Did You Get What You Deserve?

Chapter 70

~*Alecsandra’s Point of View*~

I tightened a string on my guitar and played a chord. James twisted around in his chair to look at me.

“Whatcha doing?”

“Learning a song.”

I played a succession of chords. James, recognising the song, grinned.

“Sixty years old and still good.”

He grabbed the guitar leaning against his desk and began playing the intro.

I think I’m gonna be sad, I think it’s today, yeah!
The girl that’s driving me mad is going away...


He stopped, laughing.

“What?”

He shook his head.

“We’re so John and Paul.”

“How so?”

“With our writing and our singing, and all that.”

“Okay... who’s who?”

He paused, considering.

“You’re Paul,” he said.

“How come?”

“Because you’re the cute one.”

“Thanks. But that does mean you get shot.”

“Damn. Didn’t think of that.”

“Don’t worry, I shall protect you.”

He laughed again and turned back to face the computer screen.

“Come see the track listing.”

I peered over his shoulder.

“Wow! I never realised we had so many of our own songs.”

“Well, considering we’ve been writing for two years I’d actually say we’ve been rather unproductive.”

I grinned.

“Have you got Sasha, Matt and Lindsay on MSN?”

He nodded.

“I’ve already sent them the listing,” he said. “Sasha and Matt have okayed it. Sasha agrees we should put some covers in there as well.”

“What about Lindsay?”

“She still has issues with some of the songs. She doesn’t think we should have ‘Everything I Never Wanted’ in there, and she wants to replace ‘Ex-Rabbit’ with ‘Hamburger Moustache.’”

“What?! ‘Everything I Never Wanted’ is my baby! That was the one song I wasn’t embarrassed about showing you guys. And ‘Hamburger Moustache’ is crap. We wrote that at two in the morning, it’s gibberish.”

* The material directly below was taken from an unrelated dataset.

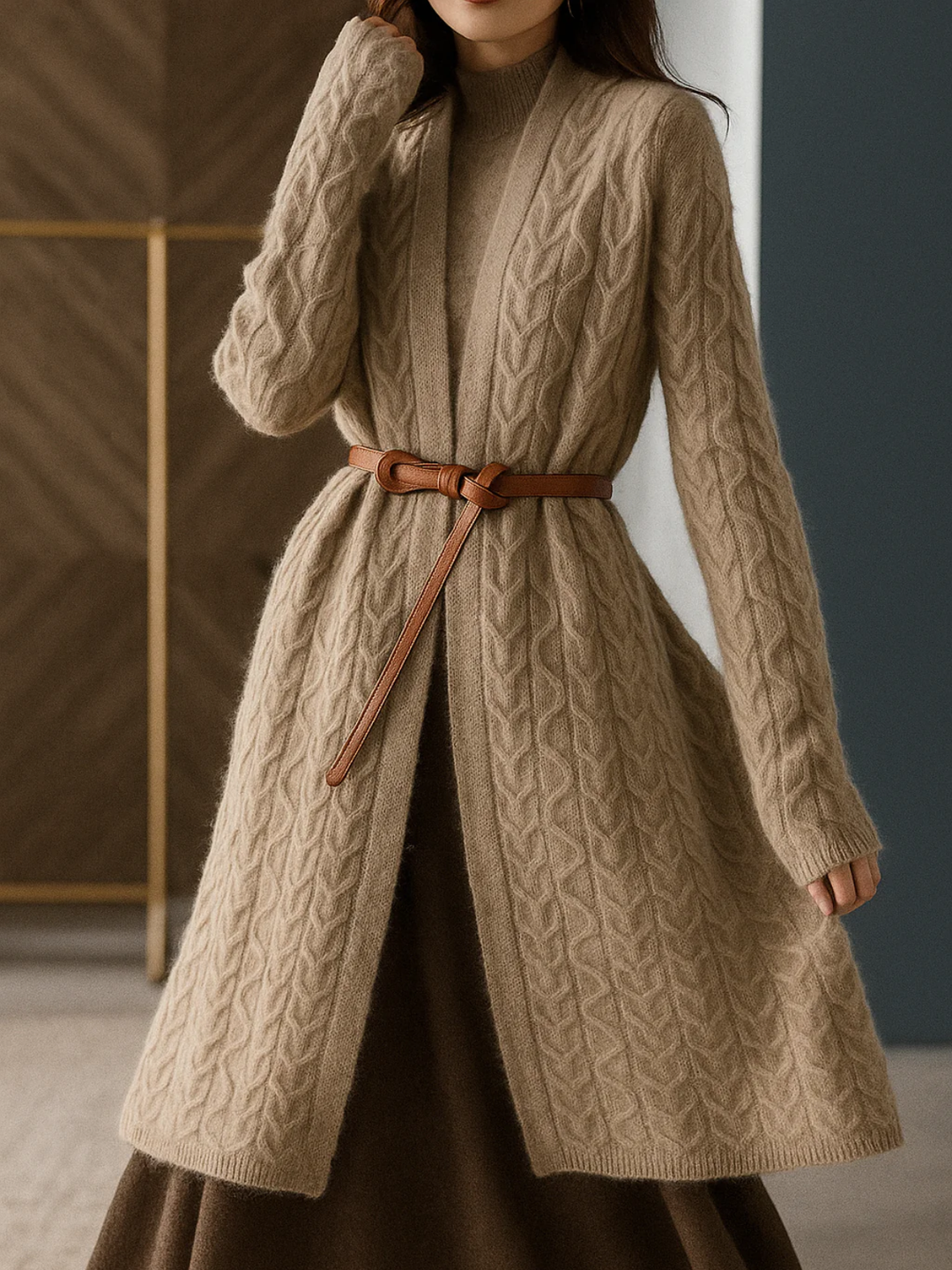 Womens Long Cable Knit Cardigan Merino Blend Cozy Fit - BritishMode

“‘Ex-Rabbit’ isn’t much better.”

“At least it’s funny.”

“It’s the ‘Eight Days a Week’ of Invisible Invasion. We’re never going to perform it live because we don’t like it, but we’ll put it on an album anyway.”

“Exactly.”

James’ conversation with Lindsay bleeped.

Why bother with everything I never wanted? It’s just another one of Alec’s weepy songs.

“What?”

He bit his lip and typed back furiously.

FYI, I happen to like Alec’s “weepy songs.” At least they have more feeling than your meaningless songs about drugs.

The answer came back almost instantly.

You’re biased coz she’s your gf. What a spoilt brat, she doesn’t deserve you.

I pushed James out of the way and sat down.

This is Alec. Lindsay, you’re a conniving bitch. Consider yourself no longer my best friend (why didn’t I say this ages ago?) and consider yourself ejected from the band. We won’t need you when we go to record on Saturday.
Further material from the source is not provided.